Aim of the exercise: Transcribe exactly the lines from the top of the records below through the line that holds "Welcome to ProKitchen", both included, with no pictures.

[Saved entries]
"""

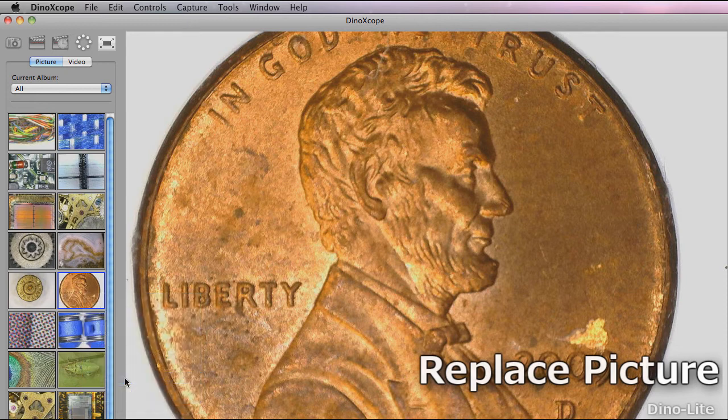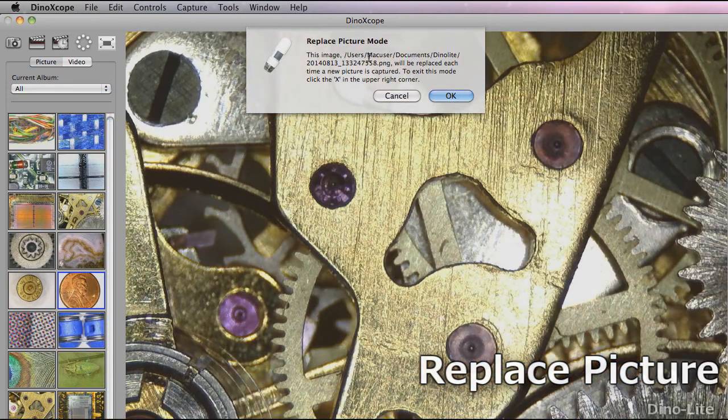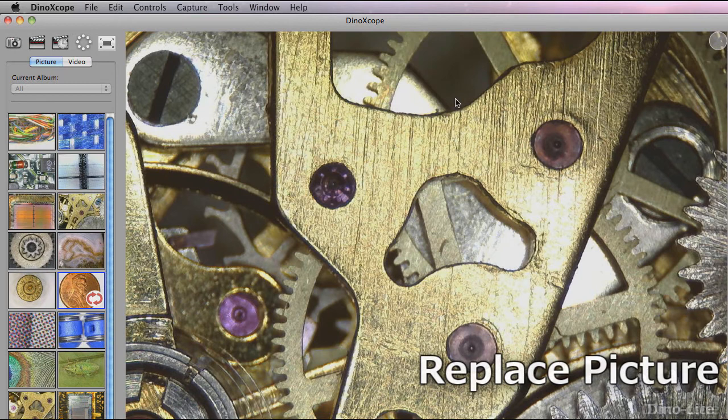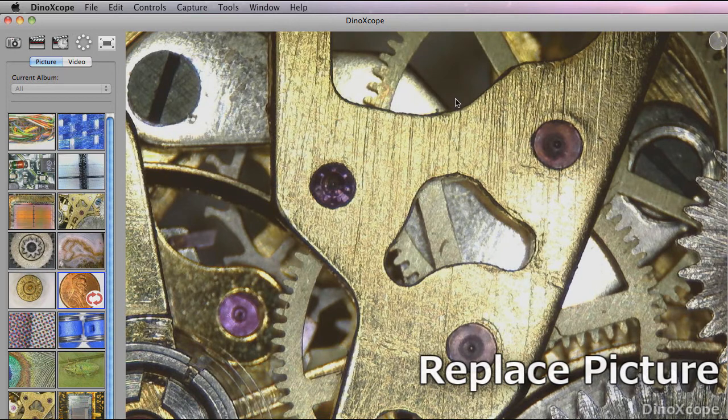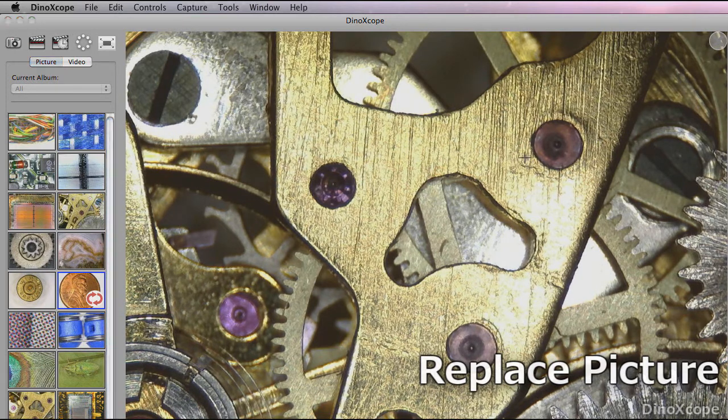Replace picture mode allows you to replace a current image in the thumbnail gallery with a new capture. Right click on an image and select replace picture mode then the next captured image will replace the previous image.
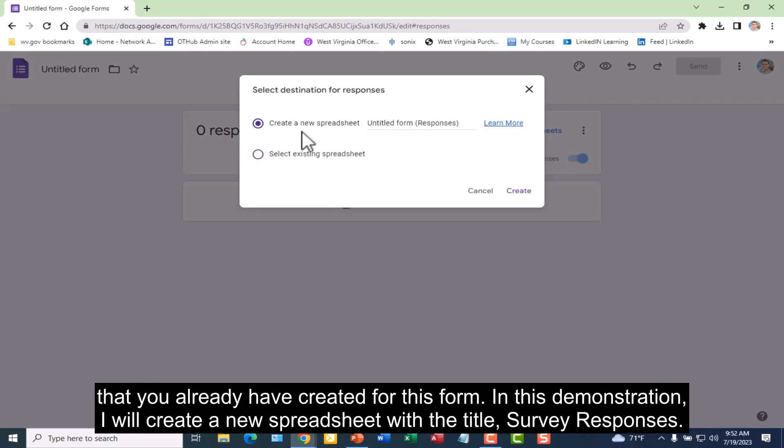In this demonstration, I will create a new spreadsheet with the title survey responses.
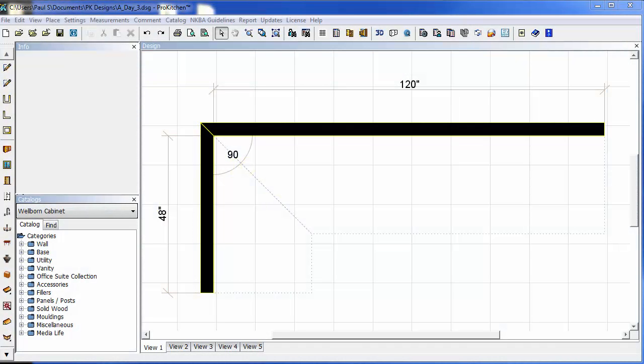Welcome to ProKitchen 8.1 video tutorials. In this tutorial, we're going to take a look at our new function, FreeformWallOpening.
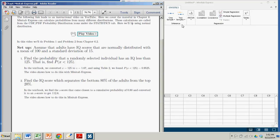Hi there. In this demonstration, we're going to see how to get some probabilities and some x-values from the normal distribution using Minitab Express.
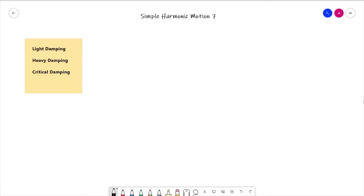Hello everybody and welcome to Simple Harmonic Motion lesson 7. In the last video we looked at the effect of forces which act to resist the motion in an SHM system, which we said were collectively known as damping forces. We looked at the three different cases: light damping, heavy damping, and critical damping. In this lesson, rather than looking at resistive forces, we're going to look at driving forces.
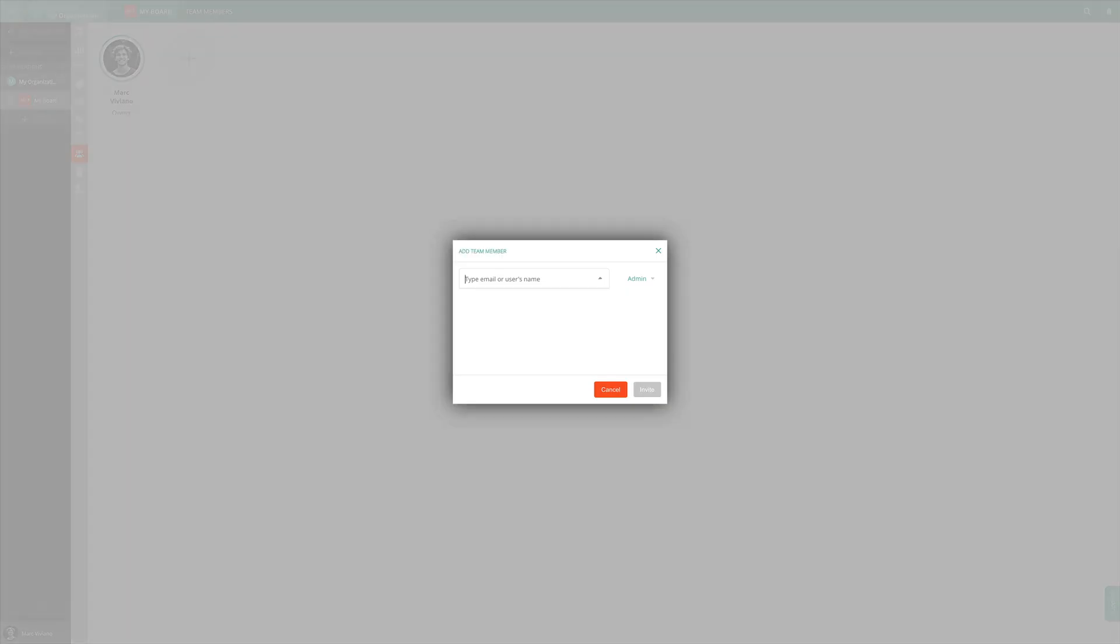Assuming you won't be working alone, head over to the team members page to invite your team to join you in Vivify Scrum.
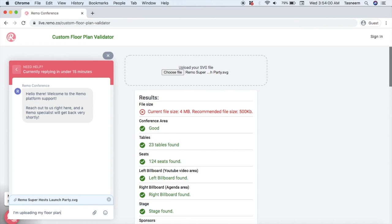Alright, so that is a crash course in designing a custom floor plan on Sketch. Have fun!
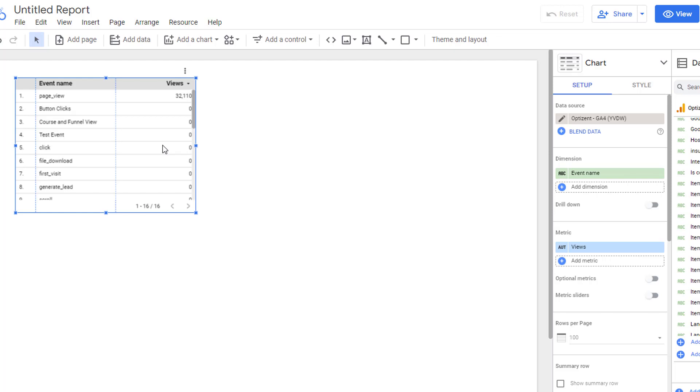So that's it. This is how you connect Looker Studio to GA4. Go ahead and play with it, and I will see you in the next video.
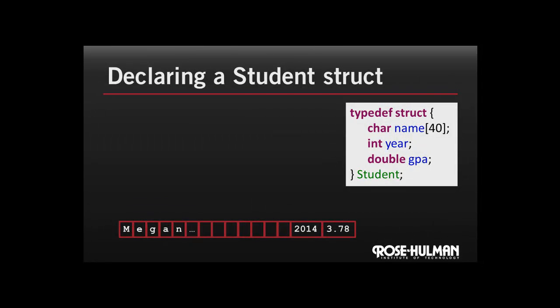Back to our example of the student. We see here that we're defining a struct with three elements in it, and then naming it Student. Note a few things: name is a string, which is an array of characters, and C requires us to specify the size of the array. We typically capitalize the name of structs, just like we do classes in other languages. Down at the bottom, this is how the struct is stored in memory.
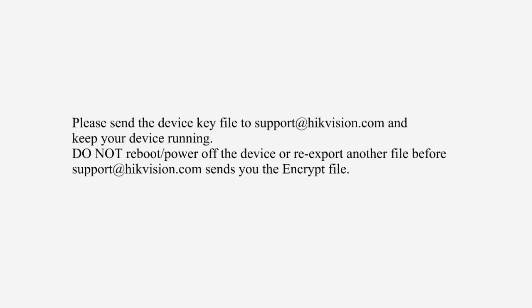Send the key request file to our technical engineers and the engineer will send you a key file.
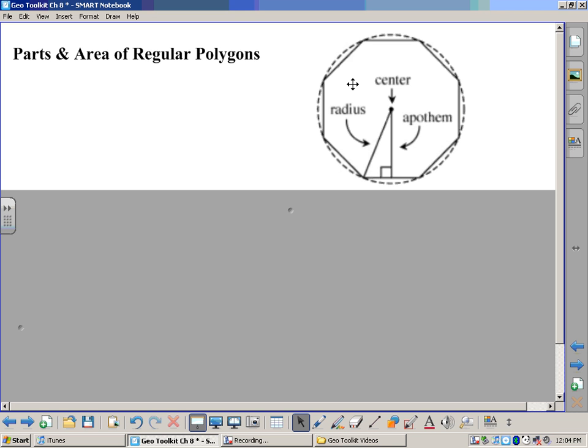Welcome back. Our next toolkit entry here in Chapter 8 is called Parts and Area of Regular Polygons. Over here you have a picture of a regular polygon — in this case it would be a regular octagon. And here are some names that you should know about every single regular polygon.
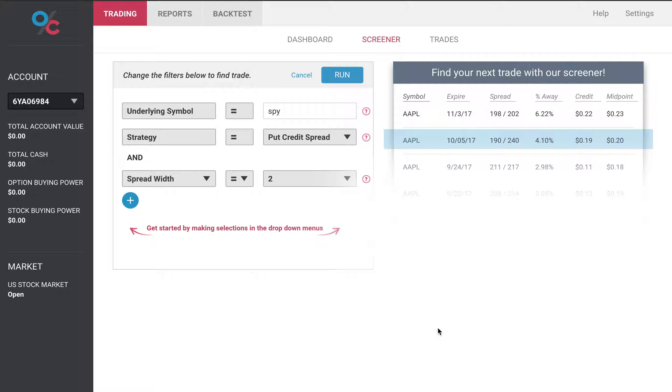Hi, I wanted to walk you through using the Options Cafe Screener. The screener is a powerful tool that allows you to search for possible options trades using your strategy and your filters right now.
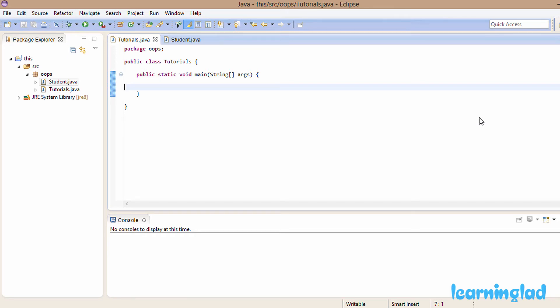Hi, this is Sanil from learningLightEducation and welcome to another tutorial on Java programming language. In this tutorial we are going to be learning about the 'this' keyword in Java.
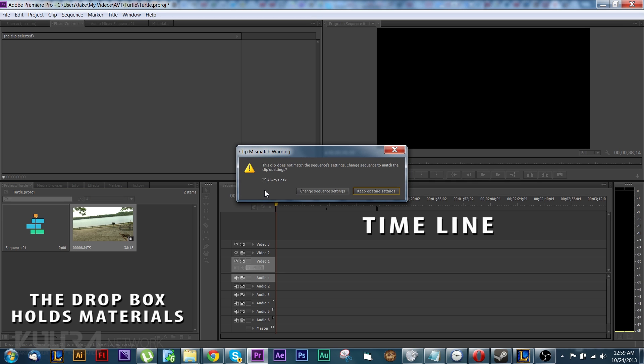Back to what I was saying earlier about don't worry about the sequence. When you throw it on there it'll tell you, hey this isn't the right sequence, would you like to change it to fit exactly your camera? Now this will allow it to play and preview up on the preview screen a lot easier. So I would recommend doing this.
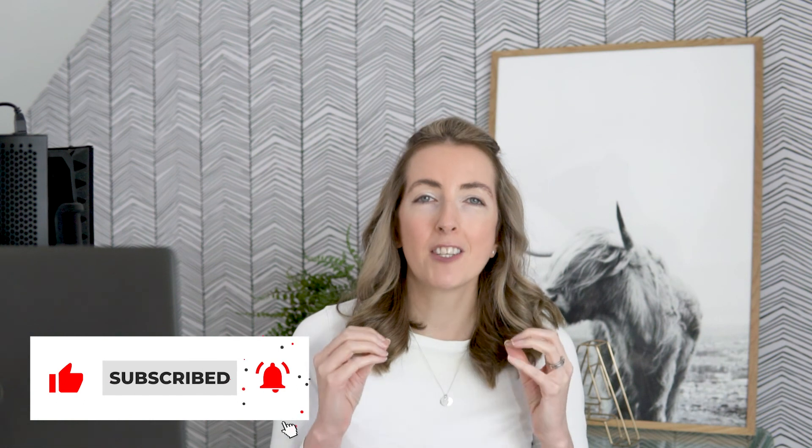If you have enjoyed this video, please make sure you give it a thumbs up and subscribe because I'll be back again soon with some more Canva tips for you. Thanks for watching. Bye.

"""

Answer to the exercise:
Replace picture mode allows you to replace a current image in the thumbnail gallery with a new capture. Right click on an image and select replace picture mode then the next captured image will replace the previous image.
In this demonstration, I will create a new spreadsheet with the title survey responses.
Welcome to ProKitchen 8.1 video tutorials. In this tutorial, we're going to take a look at our new function, FreeformWallOpening.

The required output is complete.